#### MATERIAL PROVIDED

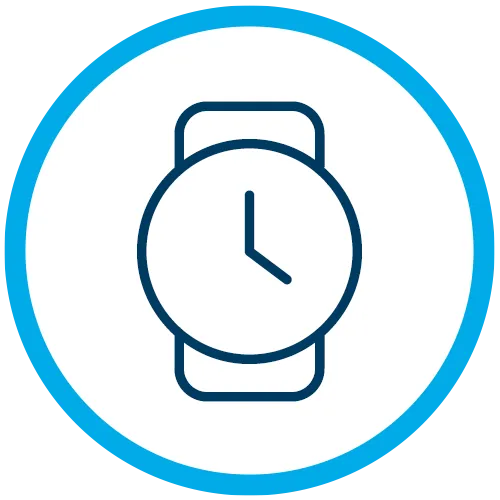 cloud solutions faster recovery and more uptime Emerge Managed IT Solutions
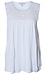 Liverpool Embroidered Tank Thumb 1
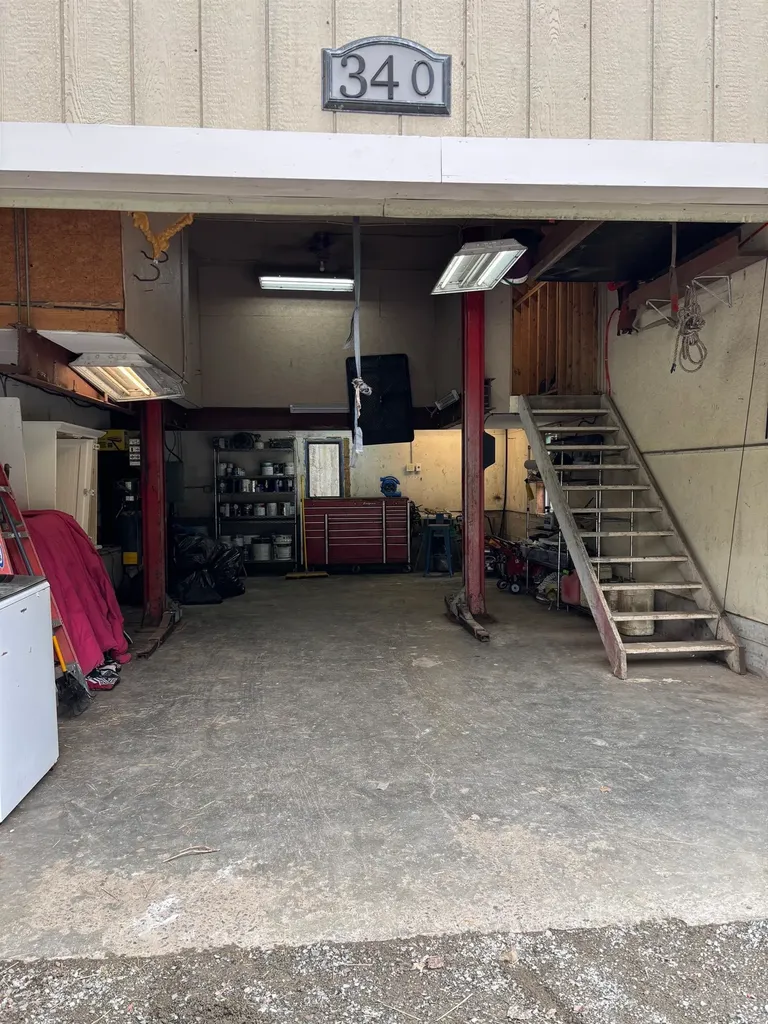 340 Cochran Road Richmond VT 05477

########

:: TASK PROMPT ::
Copy the data exactly. Any picture it contains is to be omitted.

:: TASK RESPONSE ::
 cloud solutions faster recovery and more uptime Emerge Managed IT Solutions
 Liverpool Embroidered Tank Thumb 1
 340 Cochran Road Richmond VT 05477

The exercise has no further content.